* Work required
Write out the listing exactly, dropping any picture it contains.

* Supplied records
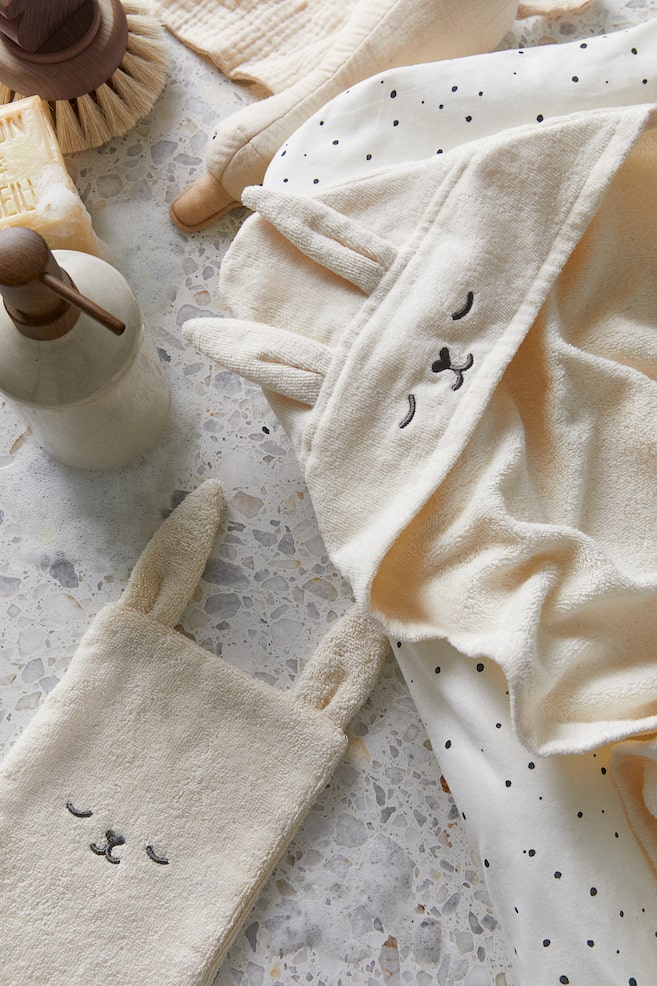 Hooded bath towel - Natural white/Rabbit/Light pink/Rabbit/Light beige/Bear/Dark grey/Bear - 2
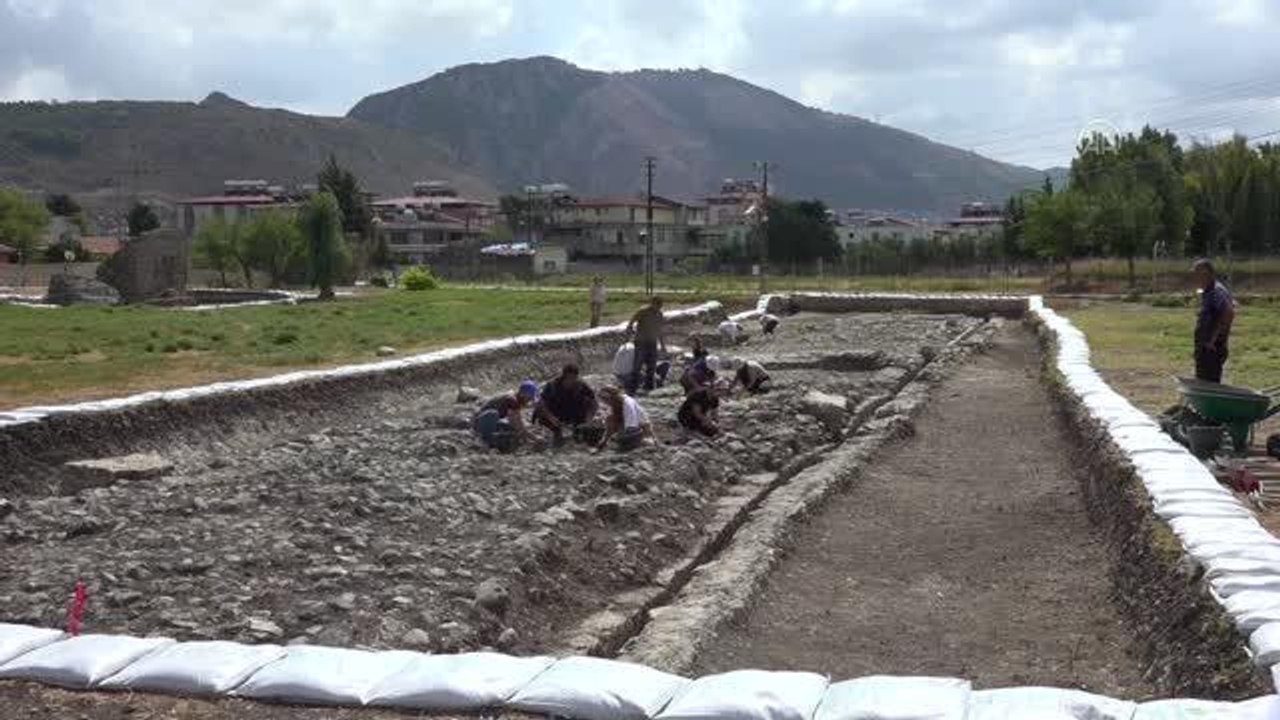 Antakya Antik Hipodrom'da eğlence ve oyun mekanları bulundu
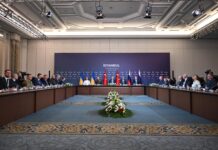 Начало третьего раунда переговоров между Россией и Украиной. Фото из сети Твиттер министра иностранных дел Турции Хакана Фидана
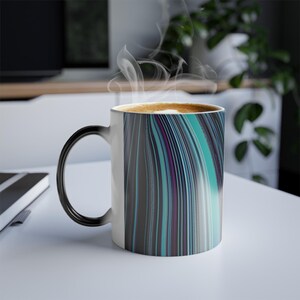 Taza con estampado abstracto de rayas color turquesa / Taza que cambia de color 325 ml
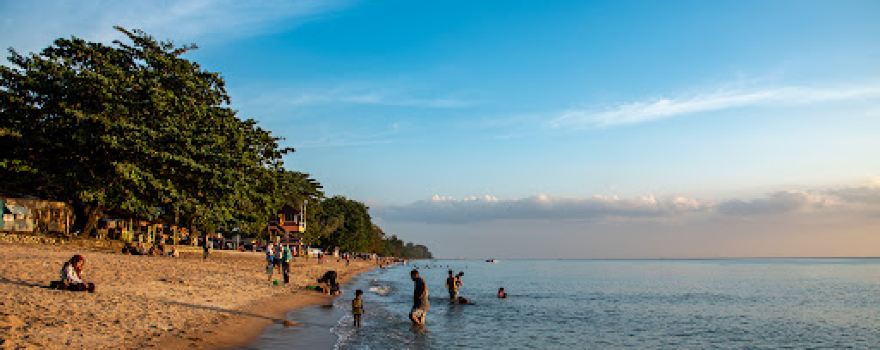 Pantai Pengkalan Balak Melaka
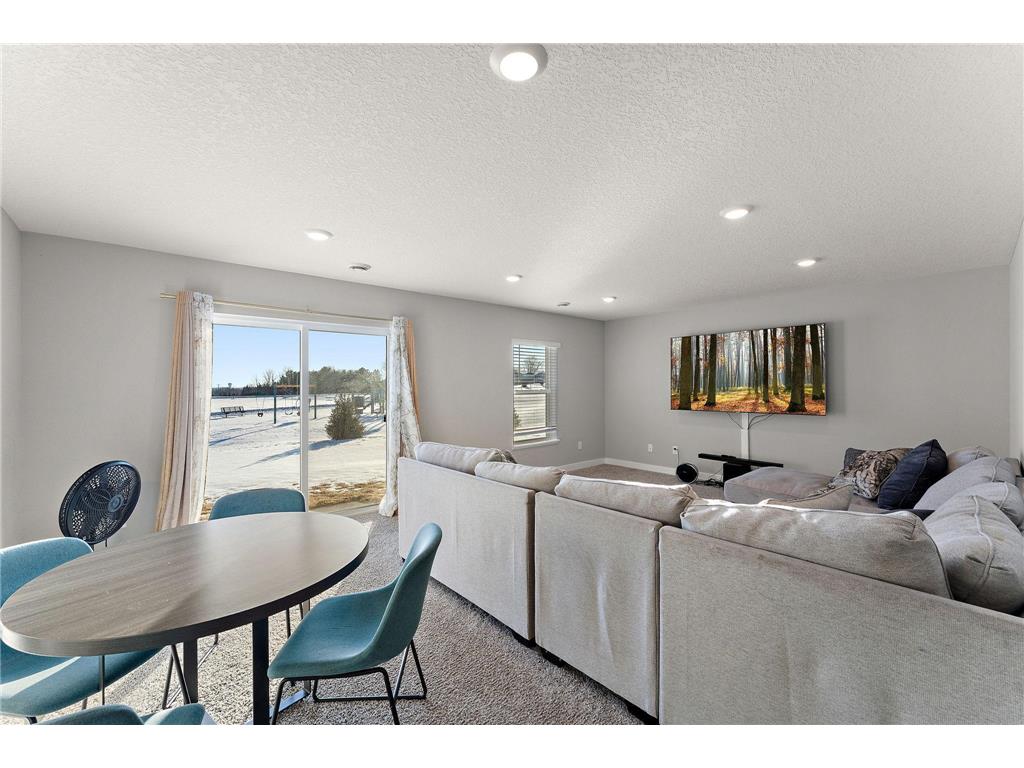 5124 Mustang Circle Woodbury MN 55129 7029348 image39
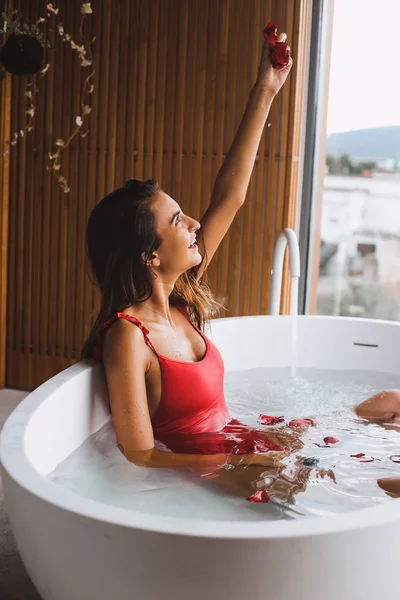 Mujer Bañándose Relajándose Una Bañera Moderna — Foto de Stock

* Solution to this exercise
 Hooded bath towel - Natural white/Rabbit/Light pink/Rabbit/Light beige/Bear/Dark grey/Bear - 2
 Antakya Antik Hipodrom'da eğlence ve oyun mekanları bulundu
 Начало третьего раунда переговоров между Россией и Украиной. Фото из сети Твиттер министра иностранных дел Турции Хакана Фидана
 Taza con estampado abstracto de rayas color turquesa / Taza que cambia de color 325 ml
 Pantai Pengkalan Balak Melaka
 5124 Mustang Circle Woodbury MN 55129 7029348 image39
 Mujer Bañándose Relajándose Una Bañera Moderna — Foto de Stock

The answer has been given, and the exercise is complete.